交流の広場「微笑苑」 001-010

第二話 素晴しき靴みがきの青年

交流の広場「微笑苑」 No.002 素晴しき靴みがきの青年

ぜひ、長谷川如是閑さんという人のエピソードを紹介させてください。

長谷川さんは新聞社に務めていた人です。
六十年あまり前の敗戦の混乱期、人々の心もすさんでいた頃の話です。

ある日、長谷川さんが、東京のお茶の水駅に降りた時のこと、汚れていた靴をきれいにしようと見回すと、ちょうど駅前に靴みがきの青年がいました。
「みがいてくれ」と言って足を出すと、青年は「はい」と返事をして、ハケで靴の埃を払ってから言いました。
「旦那さん、すばらしい靴ですね。こんな皮は、今の日本にはありませんよ。
私の持っている靴墨を付けたら、せっかくの皮がかえって駄目になってしまいます。
どこかちゃんとした店に行かないと、この皮に付ける靴墨はありませんよ」と、なんと磨くのを断わったのです。

びっくりしたのは長谷川さんです。
断わられたのは始めて。
でも「そんなこと言わんで、僕は急ぐんだから、ちっともかまやせん。やってくれ」とたのみ ました。
でも青年は、「いや、私は靴みがきですが、自分の良心に恥じる仕事はできません。この皮には私の靴墨は付けられません」と言ってガンとして受けつけません。
それならと、長谷川さんはポケットから小銭を出して、「少ないが取っておいてくれ」と言うと、彼は、「私は仕事もしないのに、お金はいただけません」と、どうしても断わります。
仕方なく礼を言うと、長谷川さんは先を急ぎました。

でも、この靴みがきの青年のまっ正直な気持ちがうれしくてたまらなかったのです。
感激した長谷川さんは、さっそく翌朝の新聞に、『日本未だ亡びず』と題して、昨日の出来事を書き、「彼のような青年たちがいる限り、日本は大丈夫だ」と主張したのです。

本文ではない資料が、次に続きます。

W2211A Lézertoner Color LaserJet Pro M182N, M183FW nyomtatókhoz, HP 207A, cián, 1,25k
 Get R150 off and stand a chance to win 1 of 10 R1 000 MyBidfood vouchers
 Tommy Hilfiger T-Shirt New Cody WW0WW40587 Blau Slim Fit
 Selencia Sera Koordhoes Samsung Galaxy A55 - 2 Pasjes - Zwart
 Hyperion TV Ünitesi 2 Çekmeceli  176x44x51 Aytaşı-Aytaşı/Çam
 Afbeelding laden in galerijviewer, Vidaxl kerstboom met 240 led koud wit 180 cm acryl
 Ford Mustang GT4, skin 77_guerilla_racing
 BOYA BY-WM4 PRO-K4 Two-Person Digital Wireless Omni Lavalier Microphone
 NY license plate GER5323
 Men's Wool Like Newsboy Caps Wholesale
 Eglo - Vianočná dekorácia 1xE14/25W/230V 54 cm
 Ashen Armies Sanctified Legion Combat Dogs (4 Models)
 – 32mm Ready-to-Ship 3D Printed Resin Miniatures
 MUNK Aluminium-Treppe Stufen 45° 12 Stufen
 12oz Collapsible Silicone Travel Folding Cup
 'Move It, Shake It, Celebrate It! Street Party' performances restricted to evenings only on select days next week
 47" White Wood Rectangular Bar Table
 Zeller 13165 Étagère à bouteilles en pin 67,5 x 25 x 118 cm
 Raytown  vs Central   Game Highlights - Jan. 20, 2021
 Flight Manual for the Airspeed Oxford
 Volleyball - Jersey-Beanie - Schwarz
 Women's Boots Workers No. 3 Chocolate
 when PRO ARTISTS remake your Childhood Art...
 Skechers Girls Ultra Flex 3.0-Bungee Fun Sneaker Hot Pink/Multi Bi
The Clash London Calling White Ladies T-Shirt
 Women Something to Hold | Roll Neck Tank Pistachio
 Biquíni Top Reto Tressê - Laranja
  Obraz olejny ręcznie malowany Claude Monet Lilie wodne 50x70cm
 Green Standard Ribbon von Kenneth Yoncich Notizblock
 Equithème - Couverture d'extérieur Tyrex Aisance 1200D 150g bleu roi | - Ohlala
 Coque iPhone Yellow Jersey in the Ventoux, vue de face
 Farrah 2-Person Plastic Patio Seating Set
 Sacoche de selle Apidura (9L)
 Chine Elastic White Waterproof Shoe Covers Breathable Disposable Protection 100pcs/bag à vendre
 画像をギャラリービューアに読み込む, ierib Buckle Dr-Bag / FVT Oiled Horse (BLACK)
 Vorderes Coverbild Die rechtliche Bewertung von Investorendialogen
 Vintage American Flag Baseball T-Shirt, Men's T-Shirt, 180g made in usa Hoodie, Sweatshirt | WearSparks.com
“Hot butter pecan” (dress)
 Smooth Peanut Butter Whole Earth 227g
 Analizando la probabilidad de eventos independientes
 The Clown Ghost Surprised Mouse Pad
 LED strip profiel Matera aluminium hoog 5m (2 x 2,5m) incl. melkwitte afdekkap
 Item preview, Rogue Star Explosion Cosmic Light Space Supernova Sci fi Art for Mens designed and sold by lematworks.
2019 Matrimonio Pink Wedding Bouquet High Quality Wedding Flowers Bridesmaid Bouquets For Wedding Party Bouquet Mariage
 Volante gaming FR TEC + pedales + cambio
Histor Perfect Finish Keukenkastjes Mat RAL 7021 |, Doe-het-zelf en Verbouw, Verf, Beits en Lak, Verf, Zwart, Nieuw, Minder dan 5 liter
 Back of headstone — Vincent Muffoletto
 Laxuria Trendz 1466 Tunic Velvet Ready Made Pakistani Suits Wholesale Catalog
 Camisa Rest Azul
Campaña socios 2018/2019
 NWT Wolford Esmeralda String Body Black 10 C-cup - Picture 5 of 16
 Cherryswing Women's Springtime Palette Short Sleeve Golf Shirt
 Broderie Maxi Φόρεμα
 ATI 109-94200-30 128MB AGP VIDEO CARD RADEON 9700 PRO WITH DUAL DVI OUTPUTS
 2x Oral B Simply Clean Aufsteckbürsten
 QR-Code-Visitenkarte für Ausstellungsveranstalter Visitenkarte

ところで、二、三日経った日のこと、一人の大学生が長谷川さんに面会に来ました。
よく見るとあの靴みがきの青年です。
彼はあの記事の載った新聞を、できるだけたくさん買うと、自分のこととは一切言わず、靴みがきの集まりで読ませたそうです。

そして、靴みがきの仲間のこんな行いもニュースになるんだ。
みんなも負けない様、日本再建のためにも頑張ろうと訴えると、皆が涙を流して「やろうやろう」と誓ってくれたというのです。
長谷川さんは、またまた感激し、これを記事にしました。

良心に恥じない勇気のある行いを、お経の言葉では「勇猛精進(ゆうみょうしょうじん)」と言います。

この青年の行いを、きっと仏さまも、ほほえんで見ておられたことでしょう。